- EXTRACTED DATA -
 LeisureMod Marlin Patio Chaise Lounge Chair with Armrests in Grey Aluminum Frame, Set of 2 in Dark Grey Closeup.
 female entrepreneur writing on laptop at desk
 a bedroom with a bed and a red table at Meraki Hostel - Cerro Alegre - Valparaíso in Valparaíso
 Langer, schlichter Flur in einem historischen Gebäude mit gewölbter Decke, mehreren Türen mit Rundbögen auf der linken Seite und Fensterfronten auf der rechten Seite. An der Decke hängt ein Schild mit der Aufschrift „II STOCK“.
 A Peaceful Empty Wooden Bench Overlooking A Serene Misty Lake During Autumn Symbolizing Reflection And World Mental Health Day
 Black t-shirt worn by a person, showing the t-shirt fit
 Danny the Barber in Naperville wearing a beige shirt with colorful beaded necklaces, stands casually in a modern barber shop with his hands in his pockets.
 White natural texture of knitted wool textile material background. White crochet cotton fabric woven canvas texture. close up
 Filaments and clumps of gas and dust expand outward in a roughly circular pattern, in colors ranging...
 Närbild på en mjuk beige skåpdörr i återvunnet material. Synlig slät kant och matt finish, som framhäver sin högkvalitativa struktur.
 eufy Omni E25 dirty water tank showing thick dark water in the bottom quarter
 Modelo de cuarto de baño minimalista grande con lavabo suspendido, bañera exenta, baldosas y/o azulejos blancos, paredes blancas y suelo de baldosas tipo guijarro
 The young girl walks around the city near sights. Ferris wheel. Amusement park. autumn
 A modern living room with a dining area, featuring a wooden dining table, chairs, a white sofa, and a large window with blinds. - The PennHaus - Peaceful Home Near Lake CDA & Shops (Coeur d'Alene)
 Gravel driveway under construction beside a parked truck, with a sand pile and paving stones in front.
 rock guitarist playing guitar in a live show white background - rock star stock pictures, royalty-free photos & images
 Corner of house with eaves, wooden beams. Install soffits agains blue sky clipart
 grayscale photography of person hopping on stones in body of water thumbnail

- TASK PROMPT -
Print the records verbatim, stopping after the "The young girl" line.

- SOLVED EXERCISE -
 LeisureMod Marlin Patio Chaise Lounge Chair with Armrests in Grey Aluminum Frame, Set of 2 in Dark Grey Closeup.
 female entrepreneur writing on laptop at desk
 a bedroom with a bed and a red table at Meraki Hostel - Cerro Alegre - Valparaíso in Valparaíso
 Langer, schlichter Flur in einem historischen Gebäude mit gewölbter Decke, mehreren Türen mit Rundbögen auf der linken Seite und Fensterfronten auf der rechten Seite. An der Decke hängt ein Schild mit der Aufschrift „II STOCK“.
 A Peaceful Empty Wooden Bench Overlooking A Serene Misty Lake During Autumn Symbolizing Reflection And World Mental Health Day
 Black t-shirt worn by a person, showing the t-shirt fit
 Danny the Barber in Naperville wearing a beige shirt with colorful beaded necklaces, stands casually in a modern barber shop with his hands in his pockets.
 White natural texture of knitted wool textile material background. White crochet cotton fabric woven canvas texture. close up
 Filaments and clumps of gas and dust expand outward in a roughly circular pattern, in colors ranging...
 Närbild på en mjuk beige skåpdörr i återvunnet material. Synlig slät kant och matt finish, som framhäver sin högkvalitativa struktur.
 eufy Omni E25 dirty water tank showing thick dark water in the bottom quarter
 Modelo de cuarto de baño minimalista grande con lavabo suspendido, bañera exenta, baldosas y/o azulejos blancos, paredes blancas y suelo de baldosas tipo guijarro
 The young girl walks around the city near sights. Ferris wheel. Amusement park. autumn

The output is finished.